BEGIN
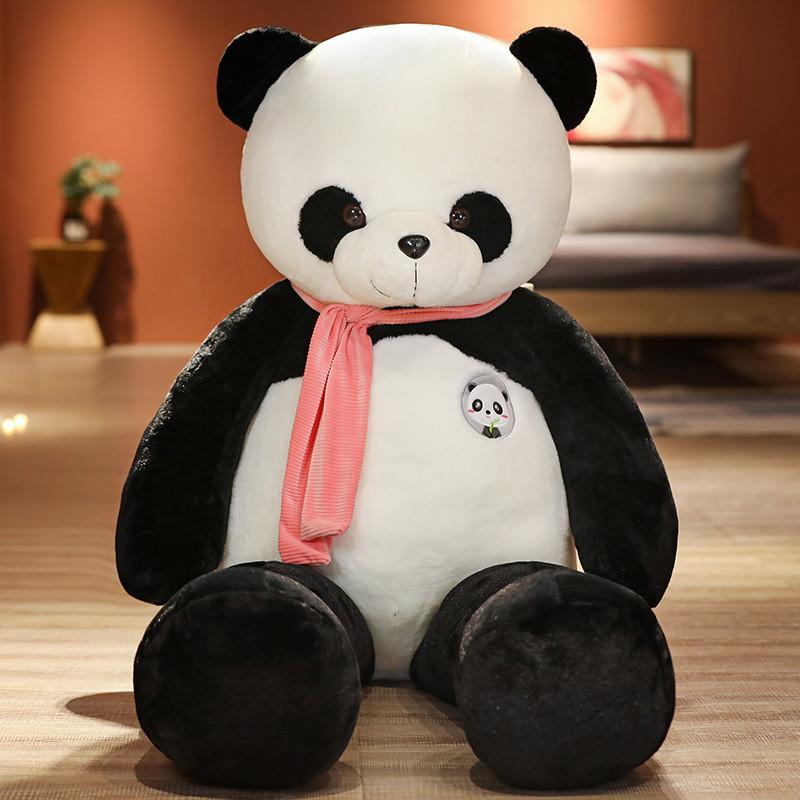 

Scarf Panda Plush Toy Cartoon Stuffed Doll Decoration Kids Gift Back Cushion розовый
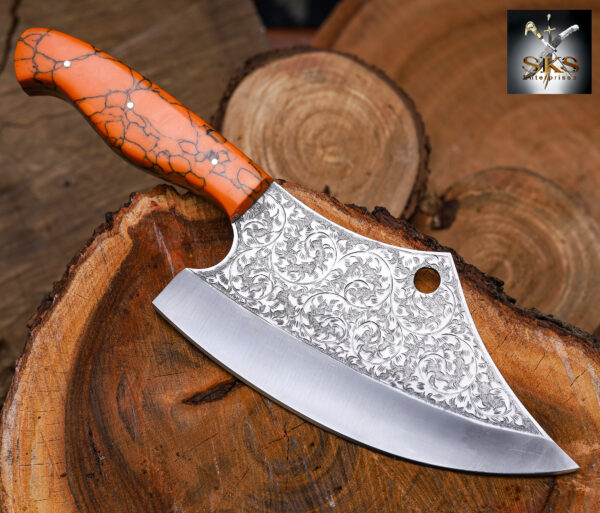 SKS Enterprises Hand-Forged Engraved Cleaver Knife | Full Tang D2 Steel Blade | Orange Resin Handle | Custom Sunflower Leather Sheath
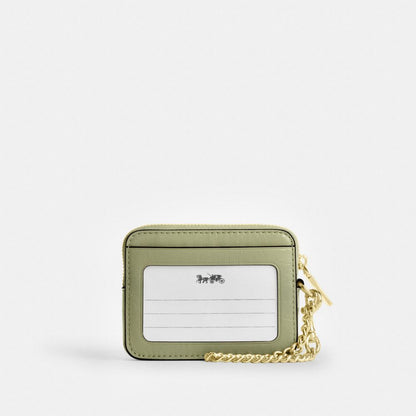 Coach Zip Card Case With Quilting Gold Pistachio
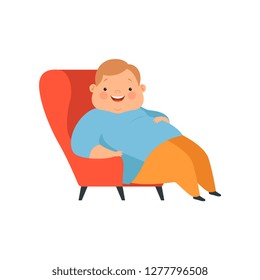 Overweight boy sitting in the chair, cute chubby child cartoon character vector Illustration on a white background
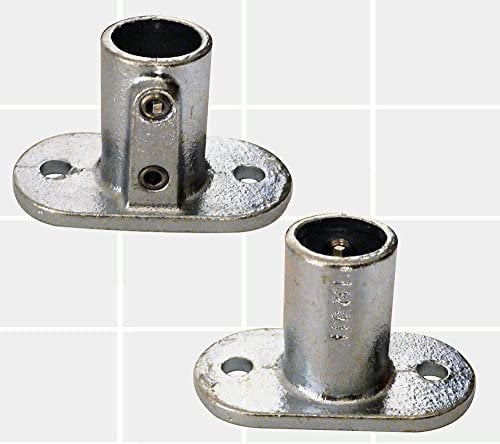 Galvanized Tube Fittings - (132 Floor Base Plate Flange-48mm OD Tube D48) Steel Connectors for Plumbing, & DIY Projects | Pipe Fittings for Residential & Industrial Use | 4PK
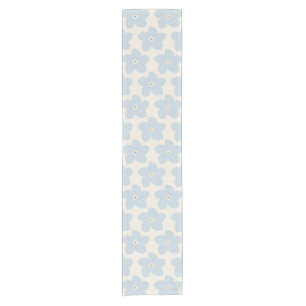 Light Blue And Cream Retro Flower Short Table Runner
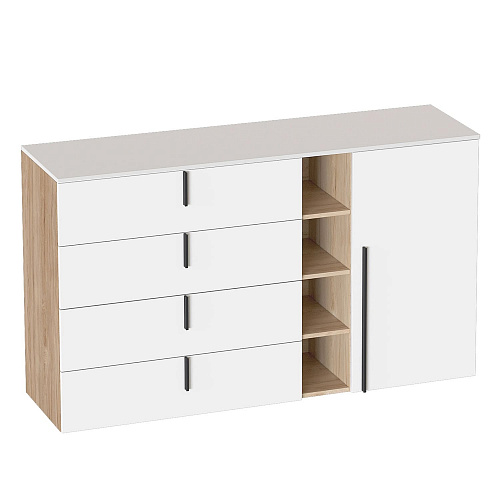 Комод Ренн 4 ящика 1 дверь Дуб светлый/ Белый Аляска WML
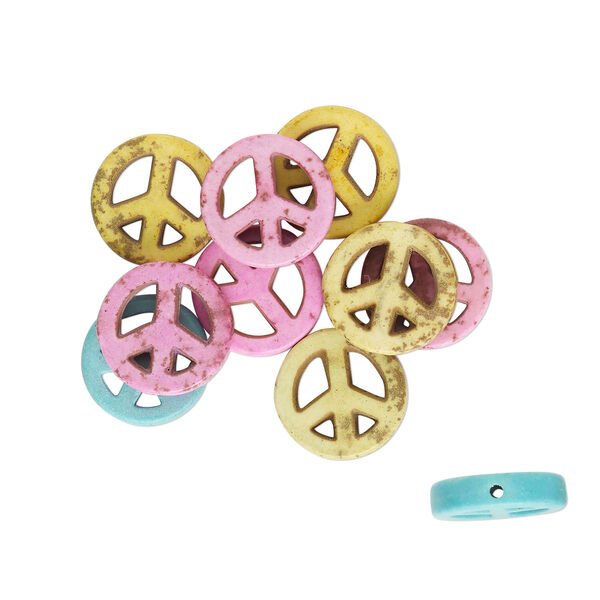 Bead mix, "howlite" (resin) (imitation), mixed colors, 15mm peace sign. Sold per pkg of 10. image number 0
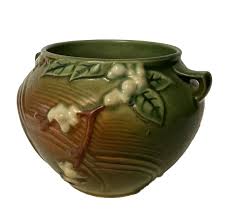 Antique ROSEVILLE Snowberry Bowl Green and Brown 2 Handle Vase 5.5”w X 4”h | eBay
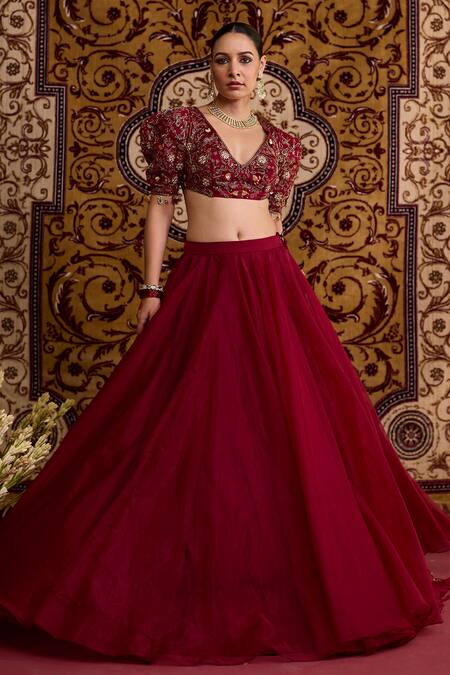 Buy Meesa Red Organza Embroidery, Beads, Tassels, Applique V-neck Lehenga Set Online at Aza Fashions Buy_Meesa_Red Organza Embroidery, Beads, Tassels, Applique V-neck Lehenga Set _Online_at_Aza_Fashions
END
Your goal – Each line from the one holding "Light Blue And" down to the end of the records is to be reproduced unaltered, and the pictures are to be omitted.

Answer box –
 Light Blue And Cream Retro Flower Short Table Runner
 Комод Ренн 4 ящика 1 дверь Дуб светлый/ Белый Аляска WML
 Bead mix, "howlite" (resin) (imitation), mixed colors, 15mm peace sign. Sold per pkg of 10. image number 0
 Antique ROSEVILLE Snowberry Bowl Green and Brown 2 Handle Vase 5.5”w X 4”h | eBay
 Buy Meesa Red Organza Embroidery, Beads, Tassels, Applique V-neck Lehenga Set Online at Aza Fashions Buy_Meesa_Red Organza Embroidery, Beads, Tassels, Applique V-neck Lehenga Set _Online_at_Aza_Fashions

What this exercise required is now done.